Spacey’s staffer comes up with a Williams College editorial on Israel, published when the Secretary of State nominee was editor-in-chief of the college paper. The editorial calls the occupation of the West Bank and Gaza illegal.
Spacey figures that should be enough to destroy the would-be secretary’s chances EXCEPT it turns out that he did not write the editorial, another student did. Spacey dispatches a corrupt, drug addicted Congressman (really) to visit the guy who wrote the article and convince him to say that it was, in fact, the Secretary of State nominee who was responsible.
The guy doesn’t want to do it. He says that, even as a student, the Secretary-designate was a total wuss who would never take any controversial stands.
So the doped up Congressman bribes him with pot and cocaine and, voila, he changes his mind. He will go public with the fact that it was the Secretary guy who opposed the occupation.
Spacey gives the story to the Washington Post and then the Secretary nominee is confronted by the real George Stephanopoulos on his Sunday show who nails him for having criticized Israel 30 years ago!
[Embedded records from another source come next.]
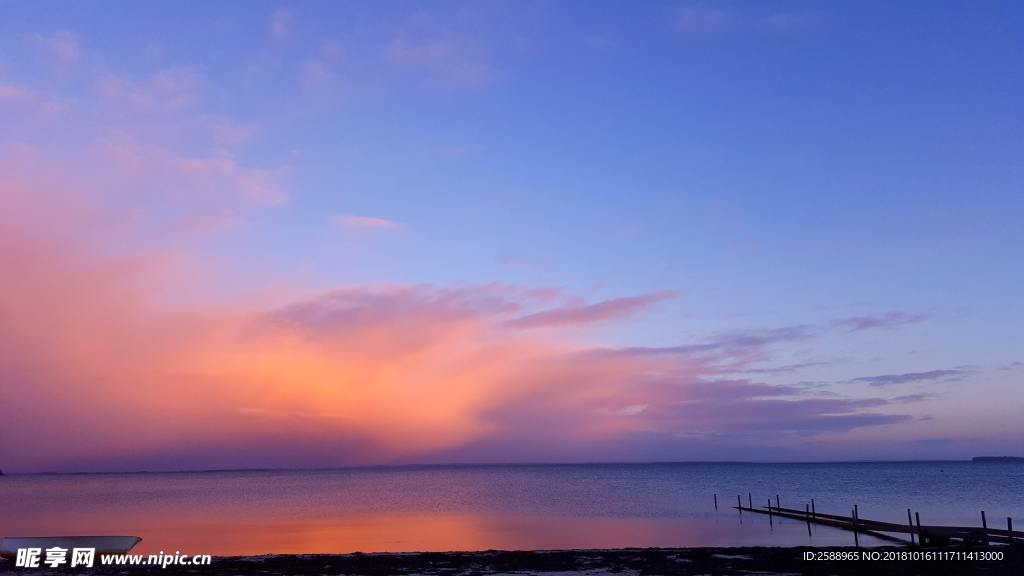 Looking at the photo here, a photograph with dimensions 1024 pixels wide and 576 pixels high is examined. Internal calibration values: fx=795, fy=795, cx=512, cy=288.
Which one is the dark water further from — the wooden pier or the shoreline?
the shoreline

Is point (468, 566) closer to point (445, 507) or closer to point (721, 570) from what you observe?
point (721, 570)

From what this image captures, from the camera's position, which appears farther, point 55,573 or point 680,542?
point 680,542

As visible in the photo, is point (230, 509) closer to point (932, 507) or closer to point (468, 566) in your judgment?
point (468, 566)

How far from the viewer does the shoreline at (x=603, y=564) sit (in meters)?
29.1

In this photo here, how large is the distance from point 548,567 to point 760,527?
90.7 feet

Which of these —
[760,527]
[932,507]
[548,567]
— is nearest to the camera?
[548,567]

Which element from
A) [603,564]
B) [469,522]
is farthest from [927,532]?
[469,522]

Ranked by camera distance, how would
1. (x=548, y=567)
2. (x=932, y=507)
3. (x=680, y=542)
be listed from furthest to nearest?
(x=932, y=507) → (x=680, y=542) → (x=548, y=567)

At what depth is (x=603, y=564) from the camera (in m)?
31.9

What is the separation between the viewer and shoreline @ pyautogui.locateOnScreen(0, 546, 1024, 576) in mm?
29141

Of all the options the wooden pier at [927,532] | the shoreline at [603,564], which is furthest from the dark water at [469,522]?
the shoreline at [603,564]

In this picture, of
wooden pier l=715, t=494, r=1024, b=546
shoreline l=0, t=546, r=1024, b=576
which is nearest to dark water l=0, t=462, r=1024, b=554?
wooden pier l=715, t=494, r=1024, b=546

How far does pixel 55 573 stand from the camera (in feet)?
101

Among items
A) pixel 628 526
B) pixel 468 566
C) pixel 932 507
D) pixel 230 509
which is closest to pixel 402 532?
pixel 628 526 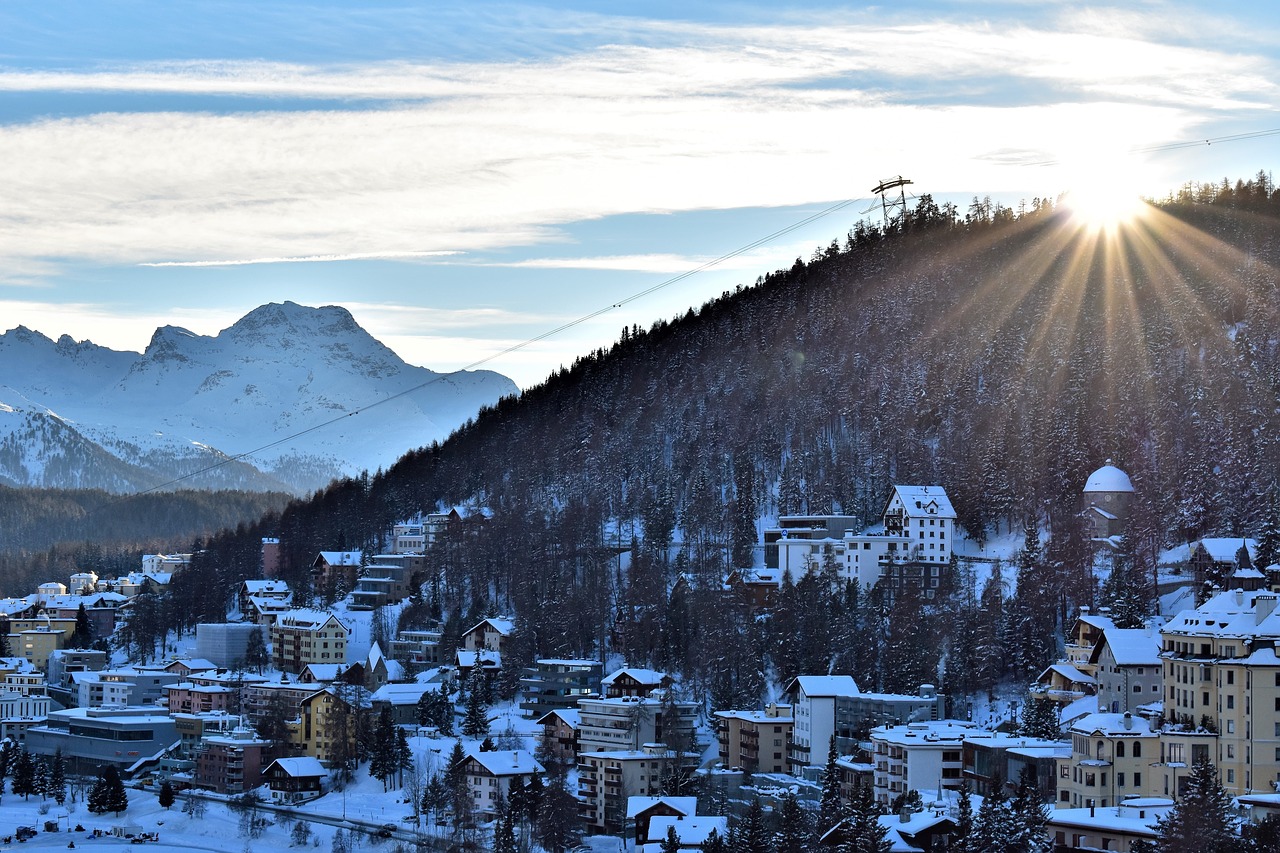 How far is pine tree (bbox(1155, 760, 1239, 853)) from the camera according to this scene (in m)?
49.6

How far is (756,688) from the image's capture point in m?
85.1

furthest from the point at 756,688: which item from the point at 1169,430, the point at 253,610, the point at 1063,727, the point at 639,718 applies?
the point at 253,610

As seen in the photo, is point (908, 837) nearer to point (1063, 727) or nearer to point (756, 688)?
point (1063, 727)

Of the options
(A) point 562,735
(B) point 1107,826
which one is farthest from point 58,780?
(B) point 1107,826

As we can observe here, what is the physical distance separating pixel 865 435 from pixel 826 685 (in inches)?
1830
The addled nominee laughs!
Spacey calls the head of the Anti-Defamation League (not played by the real Abe Foxman) to inform him that the Secretary-designate disrespected Israel while in college. The Foxman character rushes to CNN to announce that he will stop the anti-Semite from being confirmed. Spacey, watching the television, smiles, looks at the camera and says, “This is too easy.”
The nominee is forced to withdraw.
All the forces of corruption win!
Exaggerated? Nope, as the Hagel assault demonstrates. (Note Carl Levin’s decision to postpone the confirmation vote, no doubt trying to please the lobby as he contemplates running for another term).
This is how the lobby operates. This is how Congress operates.
Kevin Spacey, bless you.
Hey, lobby, lots of luck bringing Spacey or Netflix to their knees!

Spacey obviously didn’t do his research. When the Israel lobby engages in a smear campaign, it is usually because serious dollars are at stake. He could have done a movie on Morris Amitay’s use of missile secrets to quash a sale which almost drove an ally to the Soviets. He could have done a series on the heist of US trade secrets by AIPAC and the Israeli Ministry of Foreign Affairs in the mid-1980s. http://www.irmep.org/ila/economy
The lobby is corrupt and breaks US laws for power and dollars, not as the tool of corrupt politicos.
Fiction, not fact.
I’m pro-Israel and love House of Cards. The sequence you mentioned was funny… especially when the congressmen scores coke and grass and gets high with the lunatic blogger. MJ I wish we had such a powerful ‘Lobby’ back in the early 40′s if you catch my drift.
Amazing that something penetrated the hermetically sealed cocoon that the Israeli Lobby has wrapped America in..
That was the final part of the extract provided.